La publication de la révision était théoriquement prévue pour décembre mais elle a été reportée et reformulée à plusieurs reprises lors du positionnement politique. Et ce qui a été supprimé était aussi intéressant que ce qui a été conservé.

M. Tajani a souligné quelques recommandations, dont la réduction des délais et des coûts pour démarrer une entreprise à un maximum de trois jours et 100 euros. Il a également déclaré que l’UE renforcerait son programme de garantie des prêts et qu’elle augmenterait l’accès des PME aux contrats avec les gouvernements.

Les groupes de PME appellent à une action rapide

Les défenseurs des petites entreprises ont semblé plutôt satisfaits de la version finale mais ont souligné que les paroles ne valaient pas grand-chose. « Il s’agit vraiment d’un pas en avant mais il doit être équilibré par une augmentation des fonds. Sans cela, ce ne sont que des mots », a déclaré Andrea Benassi, secrétaire général de l’Union européenne de l'artisanat et des petites et moyennes entreprises (UEAPME)

Il a déclaré que l’UE dédiait environ 500 millions d’euros aux programmes en faveur des PME, mais que savoir si ces fonds atteignaient bien les PME était une autre question. Son organisation a demandé de doubler ce montant dans le prochain cycle budgétaire pour répondre aux demandes croissantes.

L’Alliance européenne des petites entreprisesa applaudi l’accent mis par la Commission sur le fait de tester l’impact des nouvelles propositions sur les PME en prenant en compte les différences en termes de taille d’entreprises.

 « Nous sommes très satisfaits de cet engagement concernant le test sur les PME, car nous pouvons repérer si elles ne s’y soumettent pas », a déclaré Patrick Gibbels, le représentant de l’organisation à Bruxelles.

Assiette commune pour l’impôt des sociétés et TVA

L’une des mesures les plus controversées est un projet de proposition législative pour une assiette européenne de l’impôt sur les sociétés et une nouvelle stratégie pour la taxe sur la valeur ajoutée (TVA). La Commission a dit qu’elle souhaitait réduire les obstacles liés à l’imposition pour les PME.

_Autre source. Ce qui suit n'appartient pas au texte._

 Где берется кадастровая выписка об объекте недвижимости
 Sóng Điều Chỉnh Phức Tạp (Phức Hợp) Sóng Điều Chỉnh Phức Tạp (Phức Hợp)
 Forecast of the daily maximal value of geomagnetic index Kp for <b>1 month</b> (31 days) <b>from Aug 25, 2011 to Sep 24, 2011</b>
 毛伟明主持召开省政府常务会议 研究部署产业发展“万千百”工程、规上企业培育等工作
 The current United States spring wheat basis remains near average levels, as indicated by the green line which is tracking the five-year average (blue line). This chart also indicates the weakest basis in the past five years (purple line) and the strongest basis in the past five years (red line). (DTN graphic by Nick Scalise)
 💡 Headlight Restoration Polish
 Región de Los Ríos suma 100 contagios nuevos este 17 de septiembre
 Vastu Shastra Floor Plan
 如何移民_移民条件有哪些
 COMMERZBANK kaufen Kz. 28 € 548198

Cependant, une telle proposition, récemment amenée par l’Allemagne et la France, se heurtera sûrement à des obstacles.

« Cela pourrait faire grimper les coûts de mise en conformité pour les plus grandes entreprises et mettre fin à terme à la compétitivité fiscale dans l'UE », a écrit l'eurodéputé conservateur britannique, Malcolm Harbour, qui préside la commission du marché intérieur au Parlement européen.

Certains des plus récents ajouts à l'ébauche de janvier furent effacés par la suite, y compris des projets pour renforcer le rôle de l'ambassadeur des PME, Daniel Calleja Crespo, dans le contrôle de l'application du test sur l'évaluation de l'impact. La recommandation visant à réduire le délai à un maximum de trois ans d'ici 2013 pour l'acquittement des dettes d'une société en faillite a également été supprimée.

Les nouvelles initiatives du rapport final comprennent :

  • l’adoption d'une initiative pour l'entreprenariat social qui se concentre sur les entreprises qui poursuivent des objectifs sociaux d'ici la fin de l'année.
  • La proposition un instrument du droit européen des contrats pour les PME qui veulent s'introduire sur de nouveaux marchés.
  • L’établissement d’une procédure uniforme pour faciliter le recouvrement des dettes à travers les frontières.

« Beaucoup de choses ont été accomplies par la Commission, mais il reste beaucoup à faire si nous voulons sortir de la crise aujourd'hui », a déclaré M. Tajani.